Alle 18, la campana manda 21 rintocchi, uno per ogni lettera dell’alfabeto. La piazza si toglie il cappello e resta in silenzio, poi torna alle proprie faccende. Il giorno dopo fa la stessa cosa, e quello dopo ancora. Da quel lontano 1927, Savona non ha mai mancato un giorno. A distanza di 93 anni, anche stasera i vigili fischieranno, in piazza automobili e persone si fermeranno in mezzo alla strada. Su Youtube ci sono centinaia di video che documentano questa scena. Quando l’ho scoperto sono andato a cercare il motivo, ma non c’è un evento specifico. Savona è solo una delle tante città che ha perso i propri figli nelle trincee e ha deciso di ricordarli così.
Scegliamo sempre, sistematicamente, di vedere il lato brutto del nostro paese e del nostro popolo. Riusciremmo a trovare lati negativi e difetti in qualsiasi cosa, e solo Dio sa perché, siamo anche l’unica nazione al mondo che detesta il patriottismo. L’unica. Per tanti anni non ne ho capito il motivo, poi ho girato l’Italia e ci sono arrivato: per queste cose qui. Siamo un popolo talmente diverso e variegato, da creare cose incomprensibili non solo agli altri popoli, ma al vicino di casa.

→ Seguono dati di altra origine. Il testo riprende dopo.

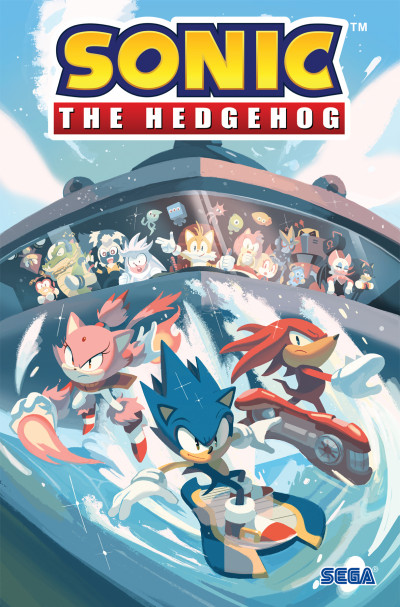 Sonic The Hedgehog  Vol. 3: Batt...
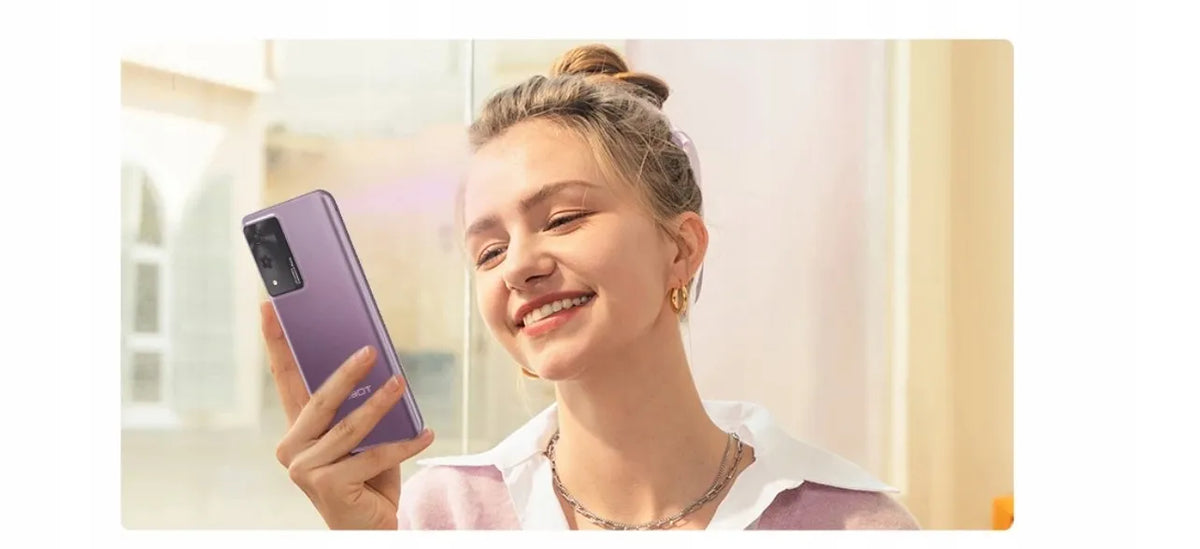 Išmanusis telefonas CUBOT A10 12/128GB (dėklas + plėvelė)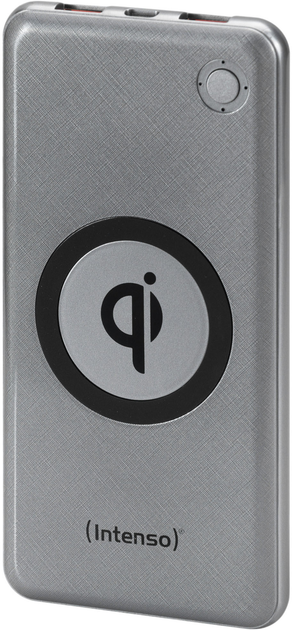 Powerbank Intenso WPD10000 10000 mAh Srebrny (7343531) - obraz 1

Prendete questa ricorrenza quotidiana: non è fatta sul Grappa, in Cadore o a Vittorio Veneto. È fatta a Savona. Perché? Perché gli è girato così. E ne vanno estremamente fieri. È questo che mi ha fatto innamorare del mio popolo e dell’Italia: non puoi mai sapere quando, dove o chi farà un capolavoro. Così. Senza motivo. Ecco perché la retorica della “minaccia all’identità nazionale” è un’idiozia.
Noi non abbiamo un’identità nazionale, ed è questa l’identità più potente del mondo. Come puoi pensare di scalfire un popolo che in una città qualsiasi, da 93 anni, si ferma ogni giorno per un minuto perché gli gira? È imprevedibile. Non c’è modo di controllarlo, puoi solo assistere a questo tripudio di anarchia limitando l’illegalità al minimo, consapevole che non c’è modo in cielo o in terra per mettere ordine in questo casino.
Non si sa con certezza chi disse “governare gli italiani non è difficile, è inutile”. Le fonti più accreditate la affibbiano a Giolitti, ma sia come sia è una frase molto più profonda di quanto si creda. Perché a me non fa paura un popolo coeso che lotta dietro al suo leader. Quello si può gestire. Ma un popolo di 70 milioni di fantasisti in cui ognuno fa qualcosa di immotivato, inspiegabile e imprevedibile, come lo fermi?